Generally, the vibration measurement techniques can be categorized as contact and noncontact methods. Contact vibration measurement methods include techniques that use conventional sensors, such as accelerometers, strain gauges, velocity transducers, and global positioning systems (GPS) [1, 2]. In fact, the use of contact sensors is a labor-inducing and time-consuming task, especially for those large-scale or high-rise structures, in which the installation of such sensors or the wiring of power or data transmission cables is complicated and impractically expensive. The noncontact methods use different types of electromagnetic radiations to obtain vibration signals. For example, a laser Doppler vibrometer (LDV) [3–6] utilizes laser, interferometry techniques [7, 8], and microwaves, and image-based methods [9–25] use cameras to capture visible light. Image-based measurement methods have undergone rapid development in recent decades with advancements in both image sensor performance and image processing algorithms. Such methods are also called vision-based, photometry, or computer vision measurement methods and are mainly divided into three categories based on the type of measurement target: digital image correlation (DIC), target tracking, and nontarget methods.
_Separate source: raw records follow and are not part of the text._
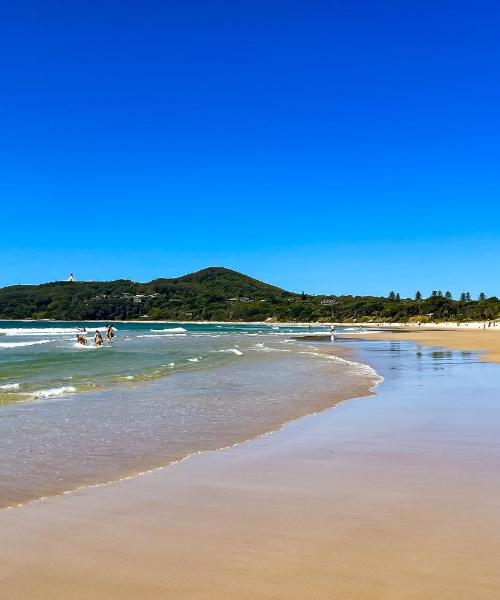 A beautiful view of Byron Bay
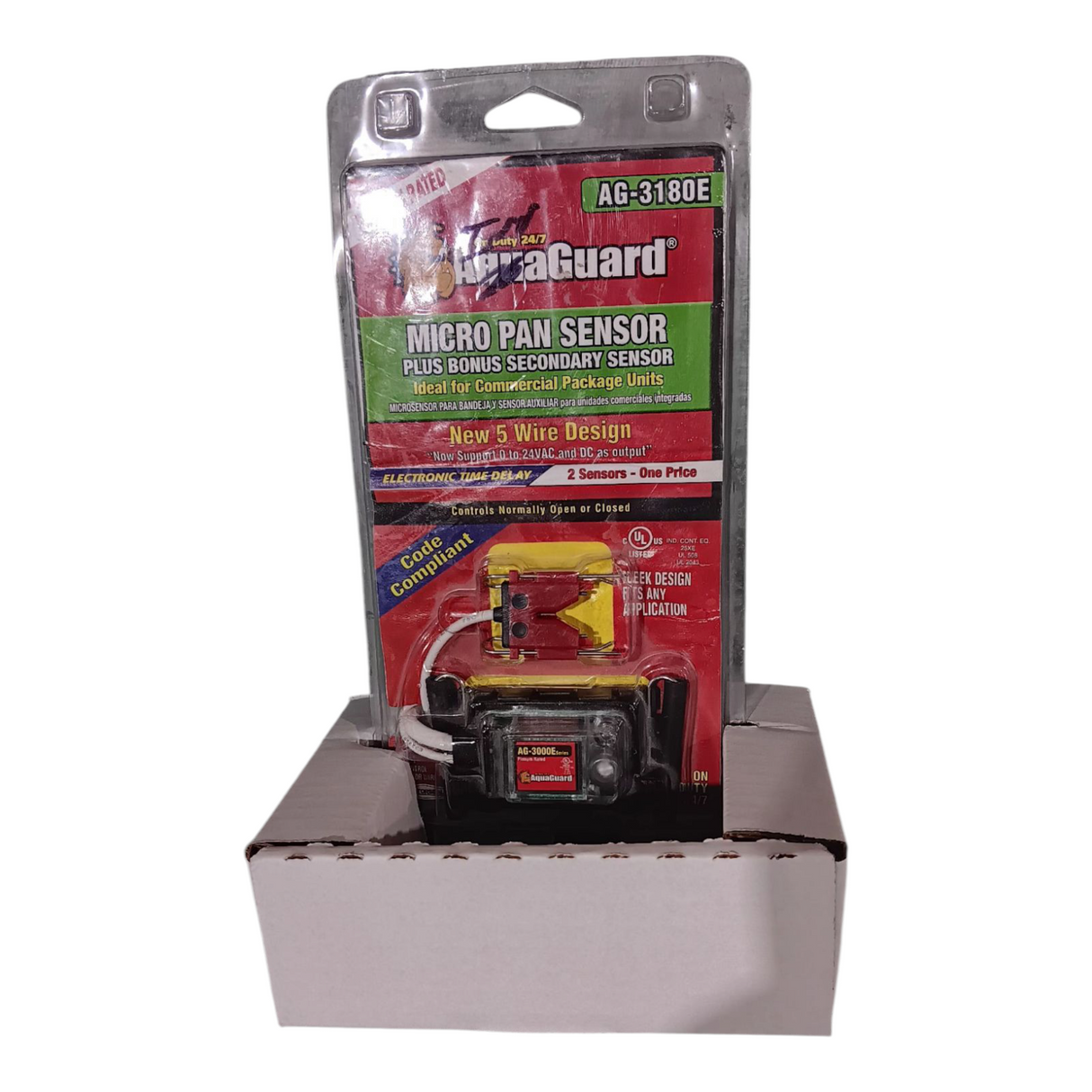 AquaGuard, AG-3180E, Micro Pan Sensor w/ Secondary Sensor - Freeman Liquidators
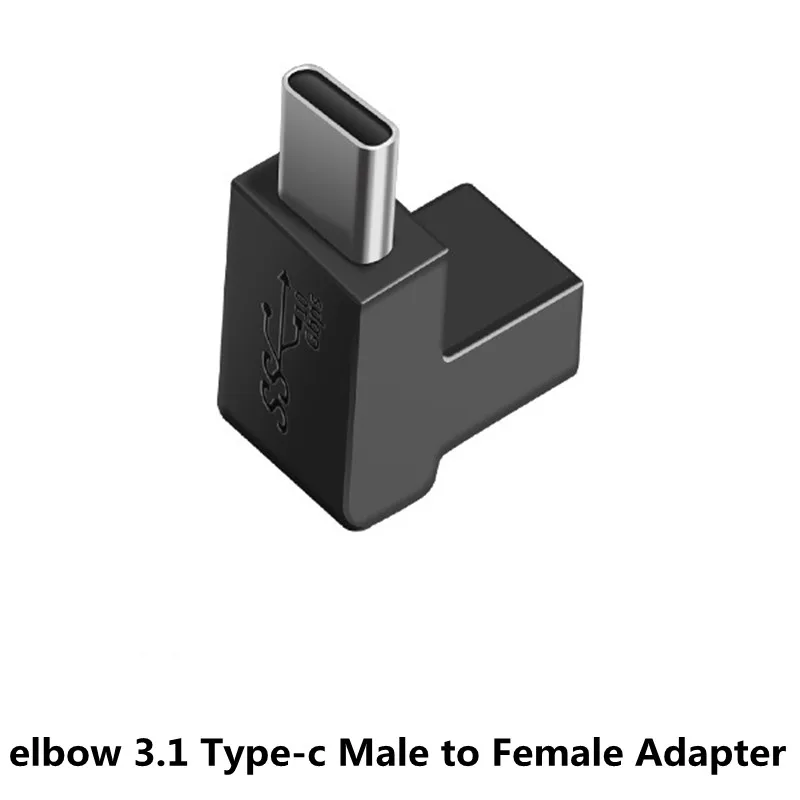 90 درجة USB 3.1 نوع C أنثى إلى USB أنثى B ذكر إلى شاحن أنثي OTG نوع C إلى usb 3.0 ذكر أنثى محول موصل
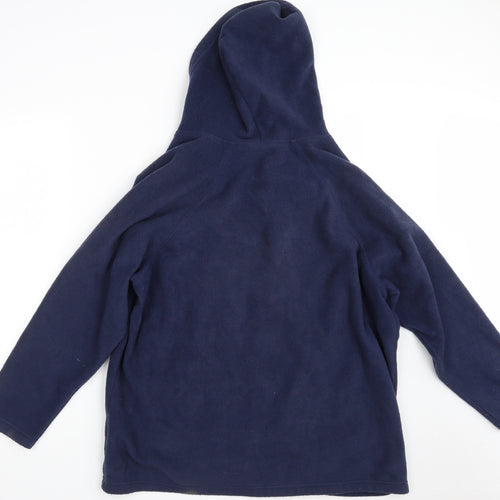 Casual Comfort Womens Blue Collared  Polyester Full Zip Jumper Size 20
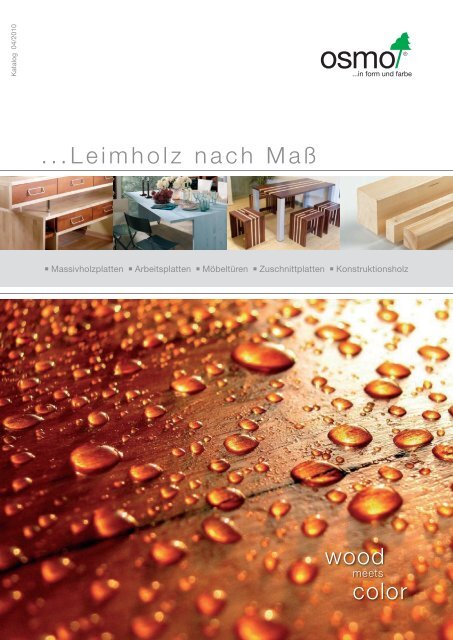 Osmo Holz und Color GmbH & Co. KG Affhüppen Esch 12, D-48231 ...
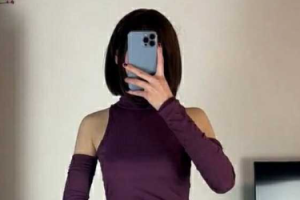 微博 / 抖音 纯欲反差风网红 旋转陀螺 / 白龙猫女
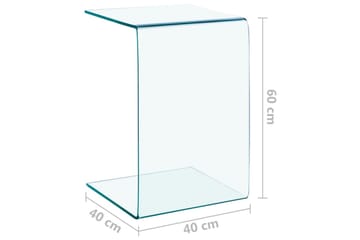 Sivupöytä 40x40x60 cm karkaistu lasi - Läpinäkyvä - Huonekalut - Pöytä & ruokailuryhmä - Apupöytä & sivupöytä - Lamppupöytä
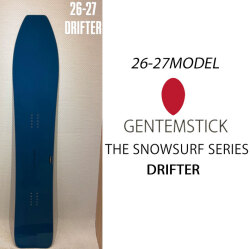 [予約商品] 26-27 GENTEMSTICK ゲンテンスティック DRIFTER ドリフター 155cm スノーボード パウダーボード フラットキャンバー 板 2026 2027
DIC is a technique that utilizes the brightness variations of specific speckle patterns [26–31]; the patterns must be printed or projected on the target object prior to the measurement. The displacement of the interest region can be calculated from the correlation between the current and reference frame patterns. Target-tracking techniques require an optical target, such as an LED light, a high-contrast or high-reflective marker mounted or printed on the measurement target [22, 32, 33]. The targets are found and tracked using an image processing algorithm to obtain a vibration signal. For the nontarget methods, no optical target is required on the measurement target, and edge detection, feature detection, blob detection, template matching, and other computer vision techniques are employed to capture the natural internal feature on the measurement target surface. Then, image processing and signal analysis algorithms are used to obtain vibration signals or modal parameters.
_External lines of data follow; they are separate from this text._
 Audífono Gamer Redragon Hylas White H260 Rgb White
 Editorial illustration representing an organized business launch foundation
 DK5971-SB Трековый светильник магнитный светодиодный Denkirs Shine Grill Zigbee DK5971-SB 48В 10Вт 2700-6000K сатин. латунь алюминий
Recently, Liu and Yang  proposed an image-based nontarget vibration frequency measurement method by using the concept of machine learning instead of using image processing techniques, which explicitly extract vibration signals. This method can directly predict vibration frequencies. However, this method is not robust enough in the unfavorable noisy real-world condition and additional edge enhancement must be applied to obtain a good result. Following the concept of adopting machine learning in image-based measurement, this paper presents a new idea of using a confidence kernel for redesigning a neural network to achieve robust vibration frequency prediction. The proposed method has several advantages over the method by Liu and Yang  as well as other image-based methods; that is, the proposed method produces almost no trivial result at the pixel level, and the output result map is more obvious and accurate. In particular, the histogram for predicted frequency distribution and additional edge enhancement is not required. Moreover, the redesigned network and dataset are more robust to noise and have a much faster convergence speed. Compared to other image-based methods, the proposed method can provide pixel-level vibration frequency without explicitly extracting the vibration signal and no additional image or signal processing algorithm is required. The advantages of the proposed method (e.g., nontarget, noncontact, low cost, concise algorithm, and easy deployment) could potentially popularize it in real-field engineering applications.
In this section, we present the proposed method and experimental setup for validating the method. Then, the artificial neural network utilizing a confidence kernel is introduced, and the kernel’s detailed algorithm is described. Then, this section describes the dataset preparation and training procedure. Lastly, we present the pipeline of the proposed method and experimental setup.
2.1. Neural Network Architecture
Here, we propose a neural network with a confidence kernel, carefully devised for image-based vibration frequency measurement. Figure 1 depicts the overall architecture of the proposed network, confidence kernel, and the computational relationship between them. The main task of the proposed network is to classify input information into different classes, which are the exact values of the predicted frequencies. The proposed network consists of sets of 1D convolution layers, and every convolution layer is followed by batch normalization (BN)  and a rectified linear unit (ReLU) . Skip connections [37, 38] are assumed to speed up the training process and improve the performance and are more suitable in a symmetric designed network. We added skip connections in our network, represented by the red “+” symbol in Figure 1(a). Two fully connected layers were applied to connect all input neural nodes to the number of measurement frequency range (MFR), which is the product of the frequency range and the reciprocal of the measurement frequency precision step. The fully connected layers serve as high-level reasoning in the neural network correlating the activation from different parts of the signal. To prevent overfitting, dropout  was applied to randomly set 50% of the neural nodes to zero between these two fully connected layers, since overfitting can easily happen in dense layers like a fully connected layer. The MFR of the outputs from a fully connected layer is provided to a softmax function yielding vibration frequency prediction. All the results of the pixel-level vibration frequency prediction were reconstructed to the spatial position of the original image to generate the initial unconfident result map. The confidence kernel was applied to the unconfident result map to obtain the final result map, as shown in Figure 1(b). Section 2.2 details the confidence kernel.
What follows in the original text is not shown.